= PROBLEM TO WORK ON =
Strip the pictures, then copy the remaining data exactly as it stands.

= GIVEN DATA =
━━━━━━━━━━━━━━━━━━━━━━━━━━━━━━

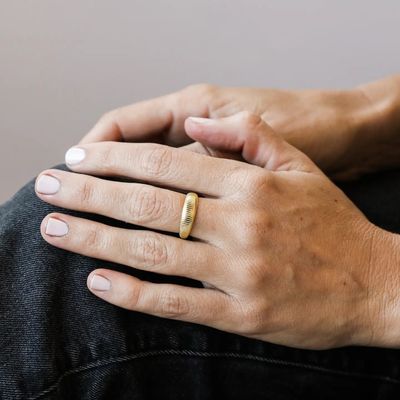 Gold Rings - Ridged (Size 8)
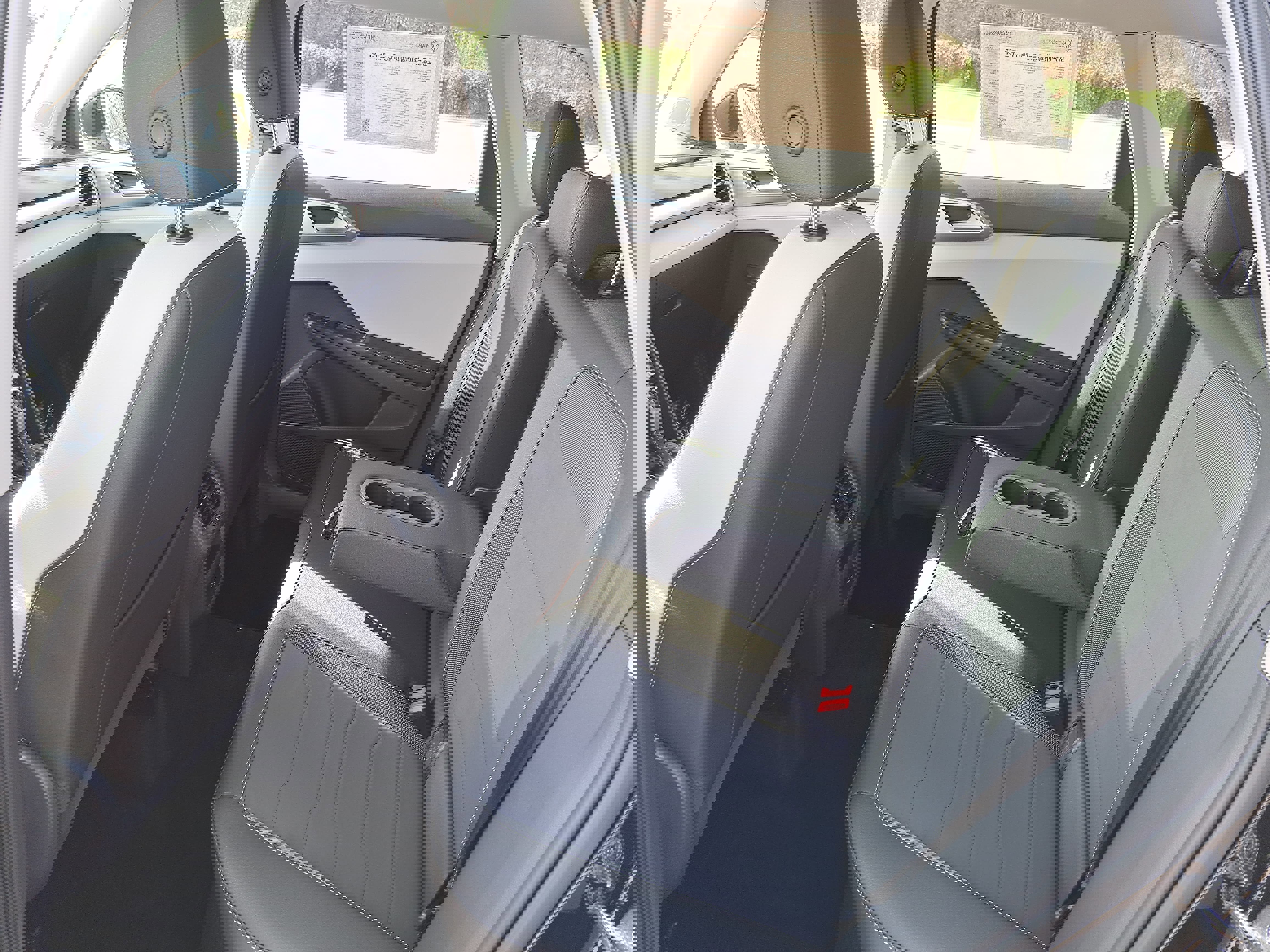 Used 2025 Volkswagen Taos SE w/ Panoramic Sunroof Package image 13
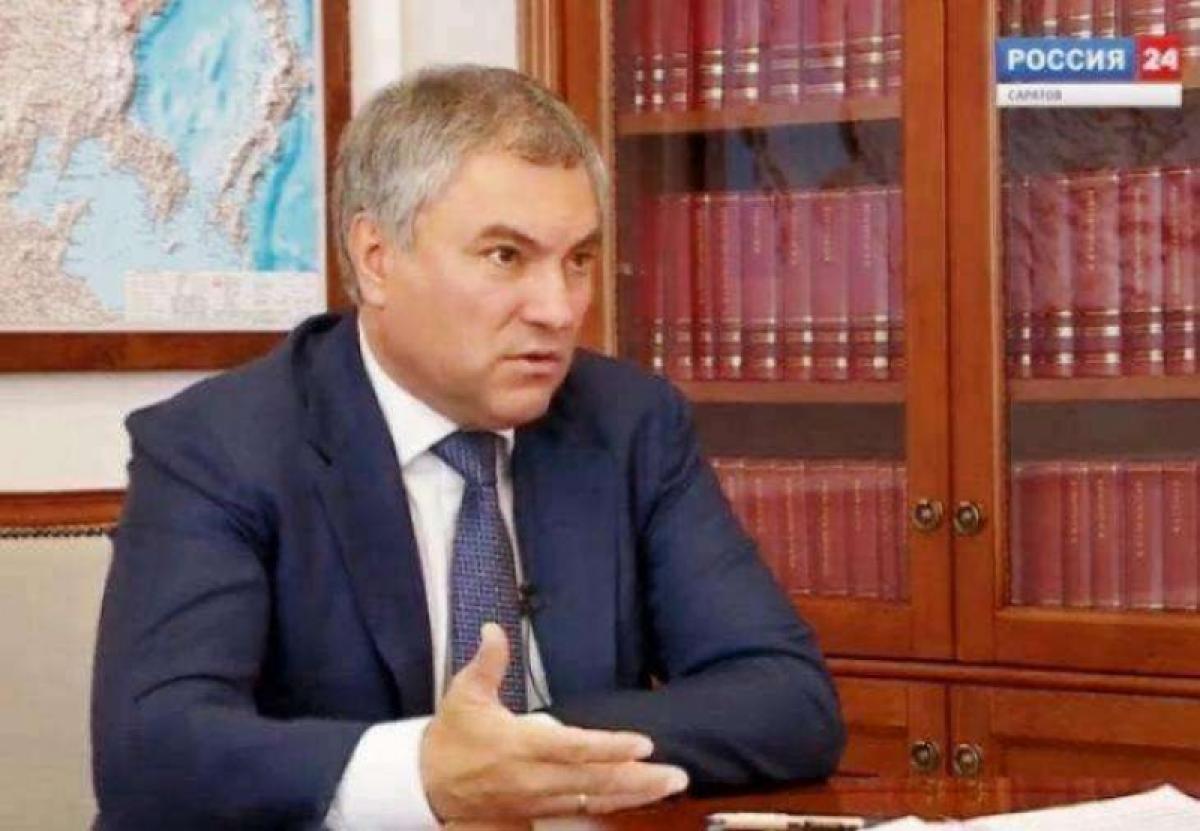 «Кремлевский безбашенник»: «заходами» на Конституцию Володин пытается вернуть утраченное влияние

━━━━━━━━━━━━━━━━━━━━━━━━━━━━━━

= RESULT OF THIS TASK =
 Gold Rings - Ridged (Size 8)
 Used 2025 Volkswagen Taos SE w/ Panoramic Sunroof Package image 13
 «Кремлевский безбашенник»: «заходами» на Конституцию Володин пытается вернуть утраченное влияние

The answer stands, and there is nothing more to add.